I just had lunch with my 17 month old neice and I asked my brother if he was going to take her to see the new Toy Story movie. He said she is too little and it would be annoying for him since she doesn't have the attention span to watch a 90+ minute movie. I then started to think about my life-long relationship with the theater and the simple magic of going to see a movie at a movie theater.
I love the way everyone comes in and picks their seat. The eventual hush that comes over the crowd as the lights fade. I used to stare at the light just above my seat and watch it dim until it was almost dark, but not quite. And my favorite part was that split second of complete silence in a room of 250 people (or so) before the opening music begins. This is especially the best during the Star Wars movies when the blue writing comes on the screen that says "A long time ago in a galaxy far, far away...". The silence there is golden before the fanfare of the John Williams score along with the Yellow Star Wars logo traveling deep into space.

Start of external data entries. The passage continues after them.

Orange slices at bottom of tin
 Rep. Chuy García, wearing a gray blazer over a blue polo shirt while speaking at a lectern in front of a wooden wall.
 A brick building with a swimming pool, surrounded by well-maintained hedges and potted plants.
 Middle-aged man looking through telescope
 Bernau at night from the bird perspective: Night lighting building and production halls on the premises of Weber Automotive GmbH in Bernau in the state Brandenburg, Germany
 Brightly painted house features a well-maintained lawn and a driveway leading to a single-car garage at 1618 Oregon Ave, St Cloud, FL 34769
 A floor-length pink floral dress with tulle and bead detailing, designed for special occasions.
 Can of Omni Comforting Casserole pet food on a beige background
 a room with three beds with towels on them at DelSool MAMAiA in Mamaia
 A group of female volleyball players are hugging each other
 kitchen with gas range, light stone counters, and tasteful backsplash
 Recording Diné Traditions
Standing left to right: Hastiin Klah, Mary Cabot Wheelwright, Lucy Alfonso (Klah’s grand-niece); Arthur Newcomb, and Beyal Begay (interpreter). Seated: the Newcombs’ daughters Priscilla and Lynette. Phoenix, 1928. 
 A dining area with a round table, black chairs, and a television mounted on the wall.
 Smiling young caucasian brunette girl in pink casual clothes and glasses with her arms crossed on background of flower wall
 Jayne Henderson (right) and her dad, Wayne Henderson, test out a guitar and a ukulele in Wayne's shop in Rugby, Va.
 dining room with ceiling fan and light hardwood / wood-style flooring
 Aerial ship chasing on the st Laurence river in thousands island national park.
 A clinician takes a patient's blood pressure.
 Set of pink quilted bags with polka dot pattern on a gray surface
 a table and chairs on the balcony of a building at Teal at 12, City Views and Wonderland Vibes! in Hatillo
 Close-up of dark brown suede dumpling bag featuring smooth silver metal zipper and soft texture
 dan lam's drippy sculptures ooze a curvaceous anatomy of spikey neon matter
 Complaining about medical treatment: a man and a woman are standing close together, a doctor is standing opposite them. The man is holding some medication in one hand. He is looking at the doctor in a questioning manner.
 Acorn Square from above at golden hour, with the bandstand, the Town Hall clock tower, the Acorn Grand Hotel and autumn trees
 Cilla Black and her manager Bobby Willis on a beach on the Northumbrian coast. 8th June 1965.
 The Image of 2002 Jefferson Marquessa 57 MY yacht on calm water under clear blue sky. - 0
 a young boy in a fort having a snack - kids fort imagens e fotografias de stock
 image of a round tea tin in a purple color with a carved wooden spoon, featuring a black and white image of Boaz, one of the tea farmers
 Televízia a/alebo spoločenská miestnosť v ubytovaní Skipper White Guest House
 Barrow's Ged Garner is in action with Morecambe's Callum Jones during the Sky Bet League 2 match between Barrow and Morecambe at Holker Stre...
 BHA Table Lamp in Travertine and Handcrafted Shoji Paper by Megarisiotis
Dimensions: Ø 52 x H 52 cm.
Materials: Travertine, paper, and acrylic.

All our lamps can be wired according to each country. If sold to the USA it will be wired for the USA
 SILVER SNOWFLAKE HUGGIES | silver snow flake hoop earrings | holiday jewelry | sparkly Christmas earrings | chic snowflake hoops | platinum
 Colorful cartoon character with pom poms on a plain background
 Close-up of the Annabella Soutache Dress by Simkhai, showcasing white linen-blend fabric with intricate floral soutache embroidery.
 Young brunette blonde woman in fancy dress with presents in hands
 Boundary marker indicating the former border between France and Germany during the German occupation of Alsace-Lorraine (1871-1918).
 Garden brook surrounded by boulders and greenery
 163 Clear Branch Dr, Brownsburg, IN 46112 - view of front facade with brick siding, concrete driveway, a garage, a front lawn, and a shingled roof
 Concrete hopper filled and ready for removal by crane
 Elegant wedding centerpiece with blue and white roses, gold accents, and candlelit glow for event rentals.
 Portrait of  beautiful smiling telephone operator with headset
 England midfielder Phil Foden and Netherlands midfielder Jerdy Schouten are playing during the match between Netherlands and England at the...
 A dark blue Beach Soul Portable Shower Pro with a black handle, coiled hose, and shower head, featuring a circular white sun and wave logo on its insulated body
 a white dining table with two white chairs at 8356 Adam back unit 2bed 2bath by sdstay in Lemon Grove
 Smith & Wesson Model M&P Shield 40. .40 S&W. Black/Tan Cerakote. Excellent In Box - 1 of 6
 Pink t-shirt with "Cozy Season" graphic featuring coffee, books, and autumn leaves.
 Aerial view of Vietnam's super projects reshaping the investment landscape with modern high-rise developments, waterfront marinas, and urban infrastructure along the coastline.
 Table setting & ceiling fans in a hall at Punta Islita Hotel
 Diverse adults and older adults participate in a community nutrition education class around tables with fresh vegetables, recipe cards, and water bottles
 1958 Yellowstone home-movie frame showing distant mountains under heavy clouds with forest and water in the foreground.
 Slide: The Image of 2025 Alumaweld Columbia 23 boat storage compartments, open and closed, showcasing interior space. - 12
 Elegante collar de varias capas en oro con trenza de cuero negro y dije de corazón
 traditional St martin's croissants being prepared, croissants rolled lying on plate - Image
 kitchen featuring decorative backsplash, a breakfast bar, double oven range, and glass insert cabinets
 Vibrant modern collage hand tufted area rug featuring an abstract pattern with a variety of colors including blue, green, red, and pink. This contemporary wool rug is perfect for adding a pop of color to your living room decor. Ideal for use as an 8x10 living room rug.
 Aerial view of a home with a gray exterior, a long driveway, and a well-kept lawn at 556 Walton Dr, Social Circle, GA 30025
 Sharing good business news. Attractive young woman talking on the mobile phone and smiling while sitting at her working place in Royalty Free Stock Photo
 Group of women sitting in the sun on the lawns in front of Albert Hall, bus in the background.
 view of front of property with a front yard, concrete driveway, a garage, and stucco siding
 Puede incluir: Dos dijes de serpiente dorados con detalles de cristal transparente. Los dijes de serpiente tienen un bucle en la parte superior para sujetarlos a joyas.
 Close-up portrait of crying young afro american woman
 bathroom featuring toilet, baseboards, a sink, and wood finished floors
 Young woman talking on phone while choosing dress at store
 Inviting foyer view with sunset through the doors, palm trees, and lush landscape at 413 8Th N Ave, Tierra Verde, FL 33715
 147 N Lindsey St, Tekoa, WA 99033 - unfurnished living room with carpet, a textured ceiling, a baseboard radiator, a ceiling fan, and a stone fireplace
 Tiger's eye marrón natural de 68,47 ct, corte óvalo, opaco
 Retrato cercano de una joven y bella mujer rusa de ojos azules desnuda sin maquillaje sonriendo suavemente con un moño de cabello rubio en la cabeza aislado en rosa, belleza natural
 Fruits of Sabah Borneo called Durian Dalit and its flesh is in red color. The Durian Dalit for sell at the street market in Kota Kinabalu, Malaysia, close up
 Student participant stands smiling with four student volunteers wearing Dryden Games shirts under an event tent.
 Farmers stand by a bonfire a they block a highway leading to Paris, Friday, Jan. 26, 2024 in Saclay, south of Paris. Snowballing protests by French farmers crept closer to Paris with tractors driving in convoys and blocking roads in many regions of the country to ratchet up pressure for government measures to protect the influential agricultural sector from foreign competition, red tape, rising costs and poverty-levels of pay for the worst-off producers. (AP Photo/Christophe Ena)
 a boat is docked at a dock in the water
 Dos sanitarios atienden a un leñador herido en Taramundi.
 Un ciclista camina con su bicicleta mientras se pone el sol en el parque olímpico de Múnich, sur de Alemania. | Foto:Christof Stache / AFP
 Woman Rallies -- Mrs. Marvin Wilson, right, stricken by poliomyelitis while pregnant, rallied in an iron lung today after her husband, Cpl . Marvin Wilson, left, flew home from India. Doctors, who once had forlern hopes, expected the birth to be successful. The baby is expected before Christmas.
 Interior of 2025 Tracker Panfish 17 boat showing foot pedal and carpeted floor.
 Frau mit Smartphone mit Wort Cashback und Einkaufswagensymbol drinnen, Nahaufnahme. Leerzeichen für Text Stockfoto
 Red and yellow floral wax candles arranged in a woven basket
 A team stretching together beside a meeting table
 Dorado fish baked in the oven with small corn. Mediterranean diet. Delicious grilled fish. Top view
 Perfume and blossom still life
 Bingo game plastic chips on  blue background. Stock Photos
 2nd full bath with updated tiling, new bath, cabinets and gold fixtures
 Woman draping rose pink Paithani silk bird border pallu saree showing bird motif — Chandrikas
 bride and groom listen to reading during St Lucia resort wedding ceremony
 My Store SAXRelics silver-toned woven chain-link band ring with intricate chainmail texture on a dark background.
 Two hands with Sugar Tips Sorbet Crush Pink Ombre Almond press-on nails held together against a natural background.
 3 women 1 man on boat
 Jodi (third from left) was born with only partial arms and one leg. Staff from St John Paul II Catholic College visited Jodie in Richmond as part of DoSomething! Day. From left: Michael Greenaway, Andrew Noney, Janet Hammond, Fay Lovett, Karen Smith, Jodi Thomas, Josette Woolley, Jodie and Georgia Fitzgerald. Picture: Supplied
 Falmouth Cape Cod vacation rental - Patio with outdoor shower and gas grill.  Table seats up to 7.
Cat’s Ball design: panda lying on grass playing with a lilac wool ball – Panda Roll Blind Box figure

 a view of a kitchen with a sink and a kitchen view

My parents tell me the first movie I went to in the theater was Meatballs. A quick IMDB search tells me this movie was released in July of 1979, so that means I was about 22 months old. I take some pride in the fact that the first movie I saw was a starring vehicle for the awesome Bill Murray, and even cooler, was rated R. My parents were always very liberal about what I was allowed to see and what I wasn't and for this I am eternal grateful to them. They didn't treat me like a child, as long as I understood the difference between real life and make believe, and I did. I also knew if I ever acted out in any way they would make me leave the theater
I realize the problem with going to the movies today is A) It's very expensive and B) with how great some home theaters are (with surround sound, BluRay, and HDTVs) going to a movie seems like difficult especially with a screaming baby who may bother those around you. Although, I know what it's like to listen to screaming kids during movies and I HATE IT, but there is a time and a place to be in a movie theater with a bunch of screaming and crying kids too. I agree with my brother, and think 17 months is too young. I see how my niece is and she cannot sit still for 90 minutes, and I also remember the crying babies in the theater with me while I saw Grindhouse and 28 Days Later. But, at the same time, I have a slight recollection of seeing Fantasia and Pinocchio in the theater during a rerelease in the early 80s. Now that memory is slight, but I have a distinct memory of getting into a popcorn fight with whatever friend I was with during Pinocchio and my mother telling me to stop and there is something great about seeing a kids movie with a bunch of children while you are a child yourself.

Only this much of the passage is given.